An artificially intelligent entity can emulate human behavior in video games. An AI model can be made by receiving gameplay logs of a video gameplay session, generating, based on the gameplay data, first situational data indicating first states of the video game, generating first control inputs provided by a human, the first control inputs corresponding to the first states of the video game, training a first machine learning system using the first situational data and corresponding first control inputs, and generating, using the first machine learning system, a first artificial intelligence model. The machine learning system can include a convolutional neural network. Inputs to the machine learning system can include a retina image and/or a matrix image.

Illustrative Claim:

1. A non-transitory, computer-readable storage medium storing computer readable instructions that, when executed by one or more computing devices, causes the one or more computing devices to perform operations comprising: generating an image indicating positional information about objects in a virtual environment within a video game, the objects including at least one computer-controlled character; generating data including non-positional information about the objects in the virtual environment; selecting a first artificial intelligence (AI) model from among a plurality of AI models based at least in part on the image and the data; providing the image and the data as inputs to the first AI model, wherein the first AI model is configured to: receive, as model inputs, the image and the data; process the model inputs; and generate, as outputs, at least one command to control operation of the computer-controlled character; executing the at least one command to control operation of the computer-controlled character within the virtual environment; and generating instructions to output the execution of the at least one command by the computer-controlled character within the virtual environment during runtime execution of the video game.

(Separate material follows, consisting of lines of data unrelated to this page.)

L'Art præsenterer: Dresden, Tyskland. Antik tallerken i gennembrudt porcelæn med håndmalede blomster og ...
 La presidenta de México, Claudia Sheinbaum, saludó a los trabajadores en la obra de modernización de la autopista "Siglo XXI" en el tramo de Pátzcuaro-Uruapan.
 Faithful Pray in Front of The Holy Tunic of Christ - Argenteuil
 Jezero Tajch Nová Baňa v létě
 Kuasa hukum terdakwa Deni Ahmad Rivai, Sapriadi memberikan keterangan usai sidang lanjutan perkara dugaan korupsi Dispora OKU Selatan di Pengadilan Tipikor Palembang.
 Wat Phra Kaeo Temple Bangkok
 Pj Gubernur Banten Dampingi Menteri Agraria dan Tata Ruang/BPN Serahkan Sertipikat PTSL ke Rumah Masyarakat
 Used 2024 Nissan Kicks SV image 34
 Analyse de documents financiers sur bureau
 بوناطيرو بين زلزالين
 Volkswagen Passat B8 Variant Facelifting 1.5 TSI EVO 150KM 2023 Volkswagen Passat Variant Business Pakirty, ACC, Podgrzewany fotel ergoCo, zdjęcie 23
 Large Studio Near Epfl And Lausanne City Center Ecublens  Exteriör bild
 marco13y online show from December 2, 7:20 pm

U.S. Patent No. 10,953,330: Reality vs Virtual Reality Racing

Issued March 23, 2021, to Buxton Glob. Enter. Inc.
Filed: July 22, 2019 (claiming priority to July 7, 2017)

Overview:

U.S. Patent No. 10,953,330 (the ‘330 patent) relates to tracking the locations of a physical object and a virtual vehicle on a racetrack and displaying them to merge physical and virtual racing. The ‘330 patent describes a method for displaying a virtual vehicle which takes several points of view of a racecourse, sometimes including one in a physical vehicle, and provides them to a simulation system which creates the virtual vehicle. This system takes the points of view in the real world and mirrors them in the virtual world to allow virtual and real drivers to compete in the “same” space. The points of view in both worlds are also used to display the physical object in the virtual world. As the virtual vehicle moves the virtual points of view are used by the simulation system to calculate which parts of the virtual vehicle are visible from points of view in the real world, including when it is obscured by physical objects. This information is used to provide to a display system the visible parts of the virtual vehicle to a real-life driver or an audience in some versions.

The ‘330 patent aims to allow racers of both the physical and virtual world to compete in the same world. In some versions, the '330 patent provides predictive information to audience members like trajectory information or likelihood of a virtual vehicle overtaking a physical one. This could be an interesting fusion of e-sports and real-life sports for players, drivers, and audiences alike.

Abstract:

A method for displaying a virtual vehicle includes identifying a position of a physical vehicle at a racecourse, identifying a position of a point of view at the racecourse, providing a portion of the virtual vehicle visible from a virtual position of the point of view. The method operates by calculating the virtual position within a virtual world based on the position of the point of view. A system for displaying virtual vehicles includes a first sensor detecting a position of a physical vehicle at a racecourse, a second sensor detecting a position of a point of view at the racecourse, and a simulation system providing a portion of the virtual vehicle visible from a virtual position of the point of view. The simulation system is configured to calculate the virtual position of the point of view within a virtual world based on the position of the point of view.

Illustrative Claim:

The invention claimed is:

1. A method for displaying a virtual vehicle comprising: identifying respective positions of multiple points of view at a racecourse; providing the respective positions of the points of view at the racecourse to a simulation system; providing a position of a physical object at the racecourse to a simulation system; calculating, by the simulation system, a virtual world comprising the virtual vehicle; calculating, by the simulation system, respective virtual positions of the points of view within the virtual world based on the respective positions of the points of view at the racecourse; calculating, by the simulation system, a representation of the physical object in the virtual world between the respective virtual positions of the points of view and the virtual vehicle within the virtual world; calculating, by the simulation system, respective portions of the virtual vehicle within the virtual world that are visible from the corresponding virtual positions of the points of view, wherein the respective portions of the virtual vehicle within the virtual world that are visible from the corresponding virtual positions of the points of view comprise respective portions of the virtual vehicle that are unobscured, from the respective virtual position, by the representation of the physical object; outputting, by the simulation system, the respective portions of the virtual vehicle visible from the virtual positions of the points of view; providing, to a display system, the respective portions of the virtual vehicle visible from the virtual positions of the points of view; generating, at the display system, representations of the respective portions of the virtual vehicle visible from the virtual positions of the points of view; and displaying a series of representations of the virtual vehicle over a period of time to simulate a trajectory of the virtual vehicle on the racecourse, wherein the series of representations comprises the generated representations.